ALTER MEISTER
: Die unnachgiebige Wucht

Noch ist die Asche nicht kalt, und doch macht das Bild einen frösteln. Es ist gestochen scharf, die Luft ist klar, kein Schatten zeichnet sich ab. Die Szene wirkt wie ein Diorama im Museum für Naturgeschichte von New York. Doch künstlich ist daran nichts, noch vor Kurzem war es an dieser Stelle glühend heiß.

Der US-Bundesstaat Arizona hat in dieser Woche eine verheerende Feuerkatastrophe erlebt. Was zunächst wie ein zu kontrollierender Brand nach einem Blitzschlag ausgesehen hatte, entwickelte sich unter heftigen Windböen zu einer riesigen Feuerwalze an der Grenze zu Kalifornien. Mehr als 30 Quadratkilometer wurden von den Flammen erfasst, die bis zu 120 Meter hochschlugen. Nahe der Stadt Yarnell wurde das Inferno für eine Eliteeinheit der Feuerwehr zur Falle: 19 Menschen starben, nur einer überlebte – wie durch ein Wunder.

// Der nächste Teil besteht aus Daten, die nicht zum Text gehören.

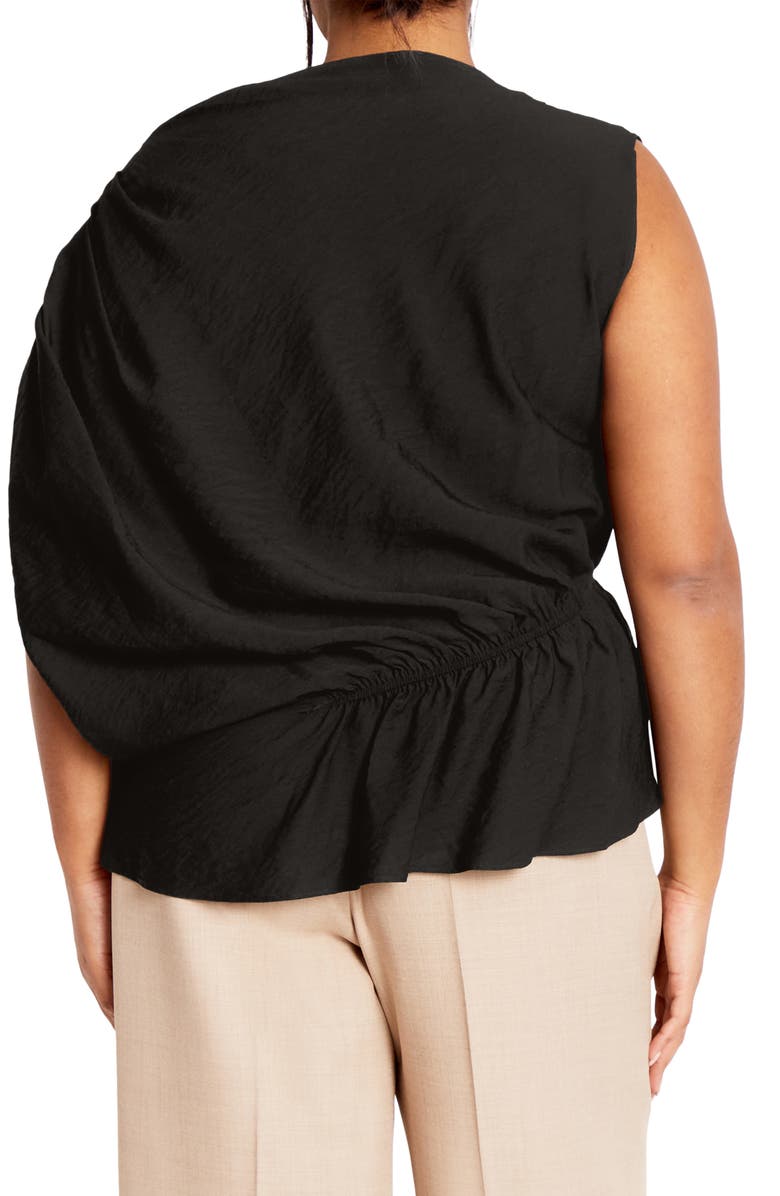 City Chic Ariel Asymmetric Woven Shirt, Alternate, color,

Viele Amerikaner mag der Aschebelag an Manhattan nach dem Terroranschlag vom 11. September 2001 erinnern. Die kalte, unnachgiebige Wucht der Natur aber hat schon der deutsche Maler Caspar David Friedrich dargestellt, in Öl auf Leinwand: dieser melancholische Romantiker, der Landschaften immer als Allegorie auf das Leben malte und zugleich die Distanz des Menschen zu seiner Umwelt thematisierte.

In seinem kontrastreichen Gemälde „Das Eismeer“ von 1824 haben Schnee und gelblich-graue Eisschollen ein Schiffswrack unter sich begraben. Grell erhebt sich darüber ein diffus blauer Himmel.

Es ist ein Bild des totalen Scheiterns, das Leben ist im ewigen Eis zerdrückt. In Arizona wird schon der nächste Regen die Asche fortspülen. Die Erinnerung bleibt.